‘Don’t panic over Brexit slowdown,’ says KBSA

KBSA corporate chairman Malcolm Scott has reassured retailers that the KBB industry is still in a healthy state despite new figures showing that uncertainty over Brexit and the general election have begun to stifle economic growth.

“As we move into the second half of the year, we can all breathe a sigh of relief that the big economic meltdown predicted by some after the Brexit vote has not happened,” he said. “But the economic slowdown in growth predicted by many certainly has started. Total UK economic growth fell from 0.7% during Q4 of 2016 to 0.3% during Q1 2017.”

However, Scott said that within the UK kitchen sector, appliance manufacturers were still reporting “quite stable sales of built-in appliances alongside freestanding appliance sales which were significantly down”.

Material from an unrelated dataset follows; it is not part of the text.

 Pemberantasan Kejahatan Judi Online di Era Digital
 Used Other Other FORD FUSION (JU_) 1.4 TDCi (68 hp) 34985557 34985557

Looking at the furniture sector, according to Scott the Symphony Group has reported double-digit sales growth and in replacement appliance sales, Sirius Buying Group, which represents electrical and KBB retailers, has reported that its members are seeing a “good year”, he said.

New AO chief executive Steve Caunce said that its group revenue was up by 17% in the year to March 2017. However, he revealed that the board continued to be “cautious” over the uncertain economic outlook and anticipated losses of £2.4 million in the current trading period.

Commenting on the kitchen specialist sector, Scott said that members of the KBSA also reported that kitchen sales were still healthy.

Scott argued retailers shouldn’t be concerned about the prospect of another recession and warned them to be wary of talking themselves into greater uncertainty.

“While it is not prudent to ignore any signs that things may be a little tougher for the rest of the year, there seems to be very little evidence that the UK economy is actually heading for another recession,” he explained.

“Getting real growth for our businesses may be a little more difficult for the next six months, but as long as we do not talk ourselves into having unfounded doubts, we should all be able to keep business at existing levels and those of us who concentrate on customer service and who continue to invest in the future can still expect growth.”